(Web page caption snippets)
━━━━━━━━━━━━━━━━

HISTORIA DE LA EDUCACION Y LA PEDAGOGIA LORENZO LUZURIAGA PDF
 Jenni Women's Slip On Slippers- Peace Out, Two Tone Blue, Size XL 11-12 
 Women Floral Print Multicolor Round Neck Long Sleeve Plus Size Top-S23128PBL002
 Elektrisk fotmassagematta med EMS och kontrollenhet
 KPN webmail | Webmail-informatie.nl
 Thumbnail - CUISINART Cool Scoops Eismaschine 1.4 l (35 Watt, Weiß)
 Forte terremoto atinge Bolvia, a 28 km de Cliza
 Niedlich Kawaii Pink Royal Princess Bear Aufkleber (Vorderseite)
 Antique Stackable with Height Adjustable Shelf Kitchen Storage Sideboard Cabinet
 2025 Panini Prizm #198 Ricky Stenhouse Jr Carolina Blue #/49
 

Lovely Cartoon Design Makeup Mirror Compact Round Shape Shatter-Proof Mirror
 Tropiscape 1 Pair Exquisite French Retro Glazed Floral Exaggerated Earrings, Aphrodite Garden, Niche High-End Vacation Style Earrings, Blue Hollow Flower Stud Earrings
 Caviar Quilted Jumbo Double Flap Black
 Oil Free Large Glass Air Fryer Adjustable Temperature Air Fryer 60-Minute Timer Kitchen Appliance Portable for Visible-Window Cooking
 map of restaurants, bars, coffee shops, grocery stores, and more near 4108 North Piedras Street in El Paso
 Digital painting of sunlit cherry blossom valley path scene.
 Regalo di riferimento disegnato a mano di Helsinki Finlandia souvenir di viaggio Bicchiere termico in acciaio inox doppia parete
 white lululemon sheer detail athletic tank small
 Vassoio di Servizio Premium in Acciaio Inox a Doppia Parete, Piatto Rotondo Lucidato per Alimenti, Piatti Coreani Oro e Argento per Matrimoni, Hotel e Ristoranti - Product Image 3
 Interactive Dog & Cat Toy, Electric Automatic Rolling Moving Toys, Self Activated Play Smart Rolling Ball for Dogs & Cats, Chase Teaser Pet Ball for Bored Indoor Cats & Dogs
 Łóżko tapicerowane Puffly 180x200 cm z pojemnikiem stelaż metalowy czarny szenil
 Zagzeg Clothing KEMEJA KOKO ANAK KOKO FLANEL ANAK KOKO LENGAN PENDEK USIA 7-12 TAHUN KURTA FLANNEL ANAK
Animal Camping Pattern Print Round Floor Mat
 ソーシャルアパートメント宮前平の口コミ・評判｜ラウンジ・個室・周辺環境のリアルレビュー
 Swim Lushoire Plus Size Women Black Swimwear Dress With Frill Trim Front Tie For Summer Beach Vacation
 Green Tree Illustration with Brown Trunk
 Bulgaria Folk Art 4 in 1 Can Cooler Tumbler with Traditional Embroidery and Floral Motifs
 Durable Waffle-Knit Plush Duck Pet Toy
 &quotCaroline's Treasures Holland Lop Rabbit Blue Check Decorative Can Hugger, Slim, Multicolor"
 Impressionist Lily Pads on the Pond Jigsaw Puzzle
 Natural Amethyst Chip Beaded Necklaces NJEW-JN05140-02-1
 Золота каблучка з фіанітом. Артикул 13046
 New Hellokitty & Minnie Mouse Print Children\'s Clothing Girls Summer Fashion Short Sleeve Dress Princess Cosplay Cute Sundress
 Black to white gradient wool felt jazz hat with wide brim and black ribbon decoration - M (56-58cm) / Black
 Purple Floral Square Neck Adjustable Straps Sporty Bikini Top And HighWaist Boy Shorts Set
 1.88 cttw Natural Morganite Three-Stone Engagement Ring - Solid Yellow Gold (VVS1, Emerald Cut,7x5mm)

━━━━━━━━━━━━━━━━

PROBLEM TO SOLVE:
Return the entries above exactly as they appear.

SOLUTION FOR THIS EXERCISE:
HISTORIA DE LA EDUCACION Y LA PEDAGOGIA LORENZO LUZURIAGA PDF
 Jenni Women's Slip On Slippers- Peace Out, Two Tone Blue, Size XL 11-12 
 Women Floral Print Multicolor Round Neck Long Sleeve Plus Size Top-S23128PBL002
 Elektrisk fotmassagematta med EMS och kontrollenhet
 KPN webmail | Webmail-informatie.nl
 Thumbnail - CUISINART Cool Scoops Eismaschine 1.4 l (35 Watt, Weiß)
 Forte terremoto atinge Bolvia, a 28 km de Cliza
 Niedlich Kawaii Pink Royal Princess Bear Aufkleber (Vorderseite)
 Antique Stackable with Height Adjustable Shelf Kitchen Storage Sideboard Cabinet
 2025 Panini Prizm #198 Ricky Stenhouse Jr Carolina Blue #/49
 

Lovely Cartoon Design Makeup Mirror Compact Round Shape Shatter-Proof Mirror
 Tropiscape 1 Pair Exquisite French Retro Glazed Floral Exaggerated Earrings, Aphrodite Garden, Niche High-End Vacation Style Earrings, Blue Hollow Flower Stud Earrings
 Caviar Quilted Jumbo Double Flap Black
 Oil Free Large Glass Air Fryer Adjustable Temperature Air Fryer 60-Minute Timer Kitchen Appliance Portable for Visible-Window Cooking
 map of restaurants, bars, coffee shops, grocery stores, and more near 4108 North Piedras Street in El Paso
 Digital painting of sunlit cherry blossom valley path scene.
 Regalo di riferimento disegnato a mano di Helsinki Finlandia souvenir di viaggio Bicchiere termico in acciaio inox doppia parete
 white lululemon sheer detail athletic tank small
 Vassoio di Servizio Premium in Acciaio Inox a Doppia Parete, Piatto Rotondo Lucidato per Alimenti, Piatti Coreani Oro e Argento per Matrimoni, Hotel e Ristoranti - Product Image 3
 Interactive Dog & Cat Toy, Electric Automatic Rolling Moving Toys, Self Activated Play Smart Rolling Ball for Dogs & Cats, Chase Teaser Pet Ball for Bored Indoor Cats & Dogs
 Łóżko tapicerowane Puffly 180x200 cm z pojemnikiem stelaż metalowy czarny szenil
 Zagzeg Clothing KEMEJA KOKO ANAK KOKO FLANEL ANAK KOKO LENGAN PENDEK USIA 7-12 TAHUN KURTA FLANNEL ANAK
Animal Camping Pattern Print Round Floor Mat
 ソーシャルアパートメント宮前平の口コミ・評判｜ラウンジ・個室・周辺環境のリアルレビュー
 Swim Lushoire Plus Size Women Black Swimwear Dress With Frill Trim Front Tie For Summer Beach Vacation
 Green Tree Illustration with Brown Trunk
 Bulgaria Folk Art 4 in 1 Can Cooler Tumbler with Traditional Embroidery and Floral Motifs
 Durable Waffle-Knit Plush Duck Pet Toy
 &quotCaroline's Treasures Holland Lop Rabbit Blue Check Decorative Can Hugger, Slim, Multicolor"
 Impressionist Lily Pads on the Pond Jigsaw Puzzle
 Natural Amethyst Chip Beaded Necklaces NJEW-JN05140-02-1
 Золота каблучка з фіанітом. Артикул 13046
 New Hellokitty & Minnie Mouse Print Children\'s Clothing Girls Summer Fashion Short Sleeve Dress Princess Cosplay Cute Sundress
 Black to white gradient wool felt jazz hat with wide brim and black ribbon decoration - M (56-58cm) / Black
 Purple Floral Square Neck Adjustable Straps Sporty Bikini Top And HighWaist Boy Shorts Set
 1.88 cttw Natural Morganite Three-Stone Engagement Ring - Solid Yellow Gold (VVS1, Emerald Cut,7x5mm)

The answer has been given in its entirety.